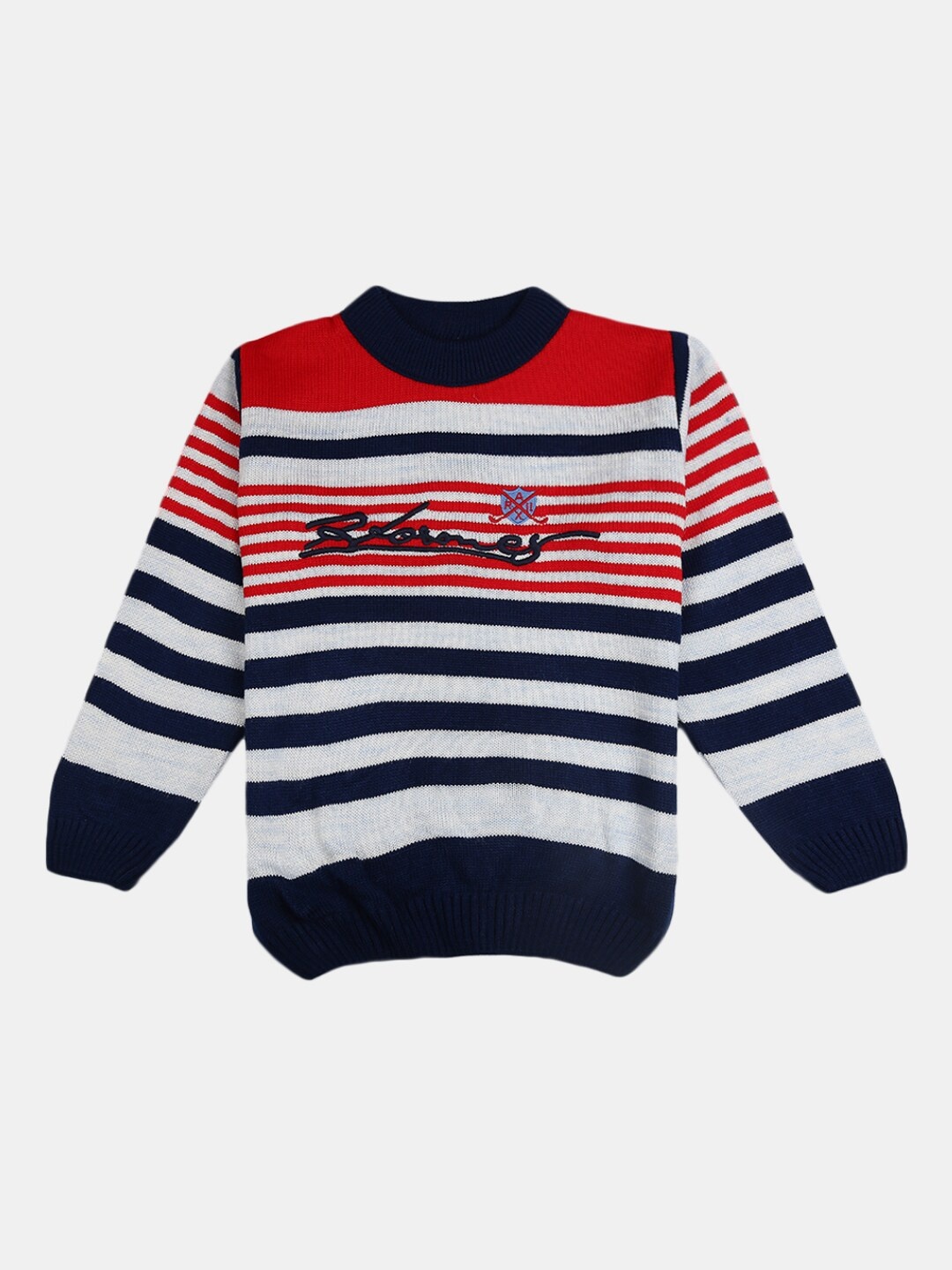 

V-Mart Boys Navy Blue Striped Sweatshirt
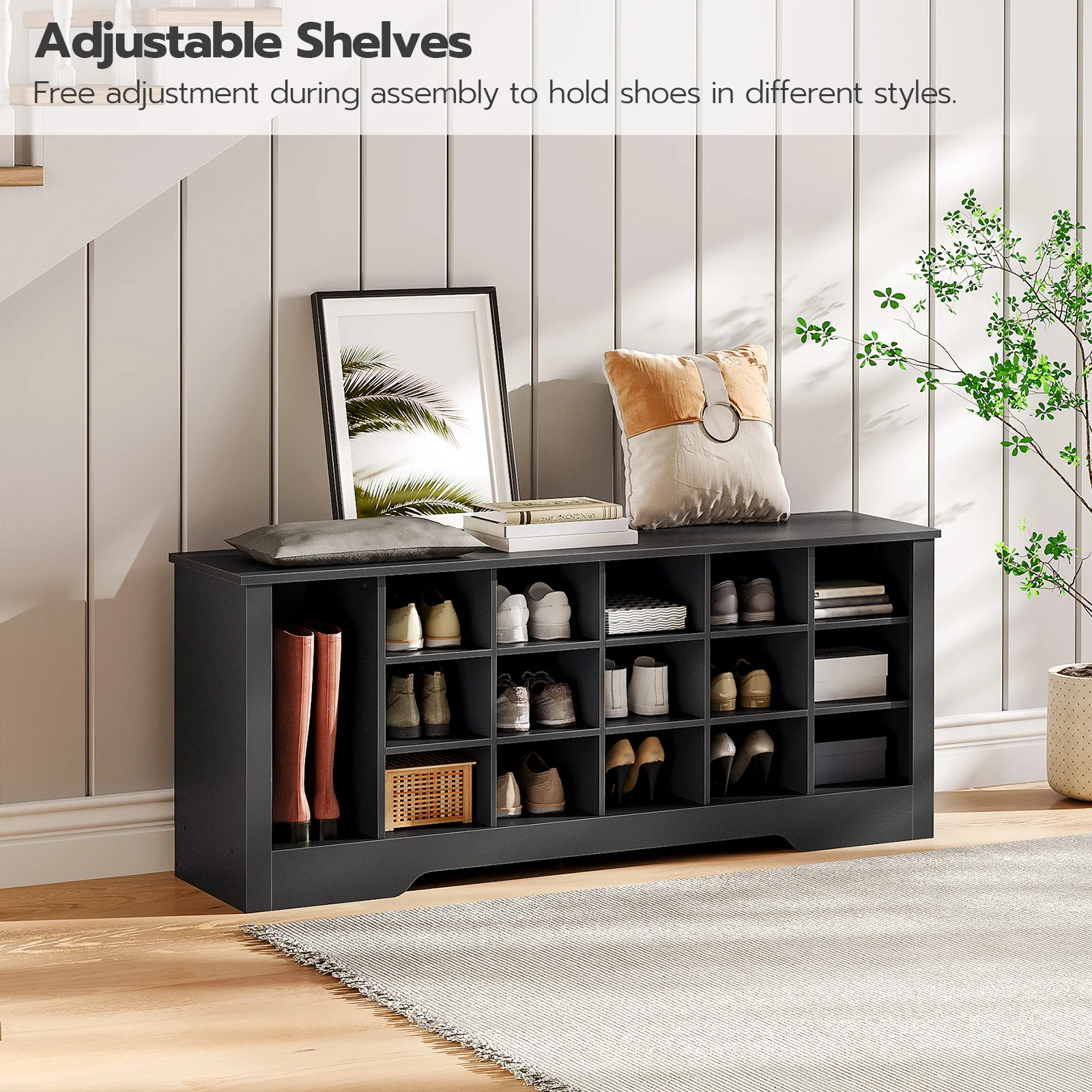 Wholesale Black Wooden Hallway Entryway Shoes Storage Bench Large Shoe Cabinet With 18 Cubbies Seat Shoe Organizer Bench Long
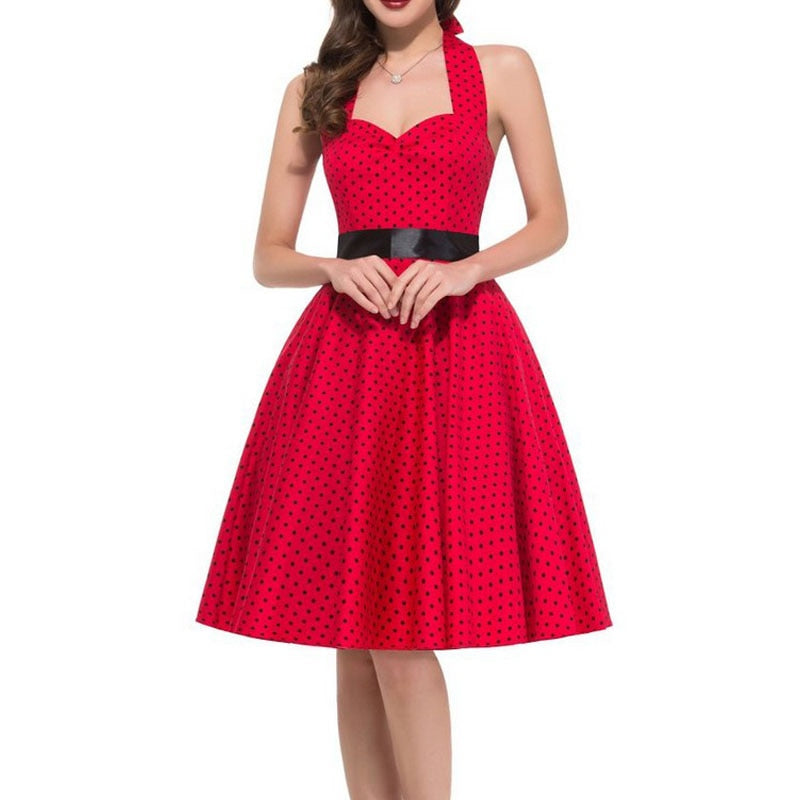 Funki Findz | Dresses | Women's Polka Dot Swing Halter Dress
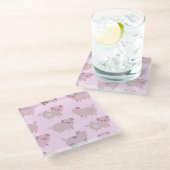 Cute Pink Baby Patroon & Stippen Glazen Onderzetter (Schuin)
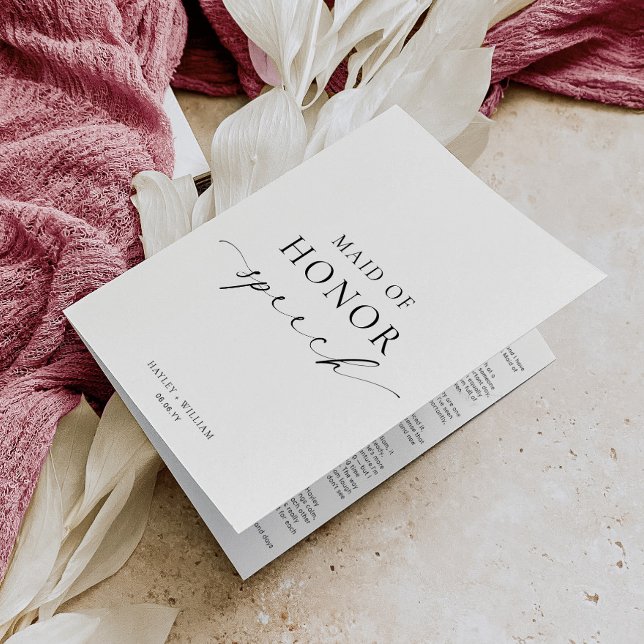 Ellesmere Maid OF Honor Wedding Speech Card (Creator Uploaded)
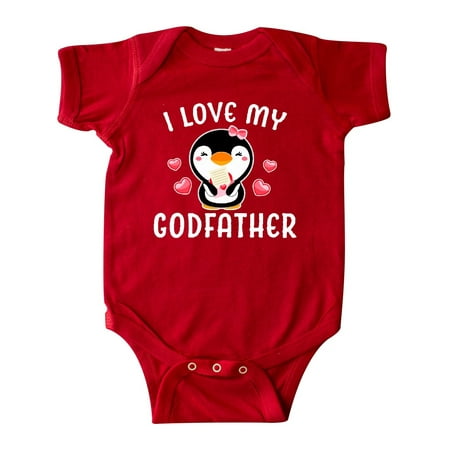 

Inktastic I Love My Godfather with Cute Penguin and Hearts Gift Baby Girl Bodysuit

• • • • •

● TASK DIRECTIONS
Word for word, restate all of the material above except its pictures.

● WRITTEN ANSWER
V-Mart Boys Navy Blue Striped Sweatshirt
 Wholesale Black Wooden Hallway Entryway Shoes Storage Bench Large Shoe Cabinet With 18 Cubbies Seat Shoe Organizer Bench Long
 Funki Findz | Dresses | Women's Polka Dot Swing Halter Dress
 Cute Pink Baby Patroon & Stippen Glazen Onderzetter (Schuin)
 Ellesmere Maid OF Honor Wedding Speech Card (Creator Uploaded)

Inktastic I Love My Godfather with Cute Penguin and Hearts Gift Baby Girl Bodysuit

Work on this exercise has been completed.